Contact: Ed McWilliams, edmcw@msn.com

March 16, 2010 --The International Crisis Group published a report on March 11, "Indonesia: Radicalization and Dialogue in Papua," which purports to depict the growing radicalization of some Papuan groups and consequent increases in violence there. The report usefully calls for dialogue between the Indonesian Government and Papuans and for an end to restrictions on access to Papua by journalists and researchers. However, the report fundamentally misrepresents the reality in Papua (West Papua) insofar as it ascribes growing violence there to Papuan "radicals." The principal impetus toward violence continues to be the persistent and accelerating deterioration of conditions affecting Papuans.

 

The report usefully calls for dialogue between the Indonesian Government and Papuans and for an end to restrictions on access to Papua by journalists and researchers. However, the report fundamentally misrepresents the reality in Papua (West Papua) insofar as it ascribes growing violence there to Papuan "radicals."


The report ignores continued violation of Papuan human rights and the unaccountability of their security force persecutors; the marginalization of Papuans who face resumption of ethnic cleansing under the rubric of "transmigration; as well as the devastation of Papua's natural resources under the guise of development. Specifically, although the report condemns the use of the label "separatist' to "taint" Papuan activists, no where does the lengthy report describe or acknowledge the daily consequences of policies which entail legal and extra-legal intimidation, harassment and worse for Papuans who assert their rights.

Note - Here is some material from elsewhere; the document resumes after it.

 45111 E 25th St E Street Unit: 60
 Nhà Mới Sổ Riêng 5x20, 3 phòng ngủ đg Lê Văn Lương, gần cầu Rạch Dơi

The report similarly ignores the fear among nearly all Papuans that government subsidized "migration" to Papua by non-Melanesian Indonesians will within this generation make Papuans a minority in their own homeland. While the report focuses heavily on Papuan animosity toward the Freeport-McMoran gold and copper mining enterprise, there is no attention to the vast environmental devastation wrought by those mining activities. Similarly, new "development" schemes promoted by Jakarta which stand to expropriate vast tracks of privately owned Papuan land for palm oil and food-for-export plantations to be farmed by non-Papuans are nowhere discussed.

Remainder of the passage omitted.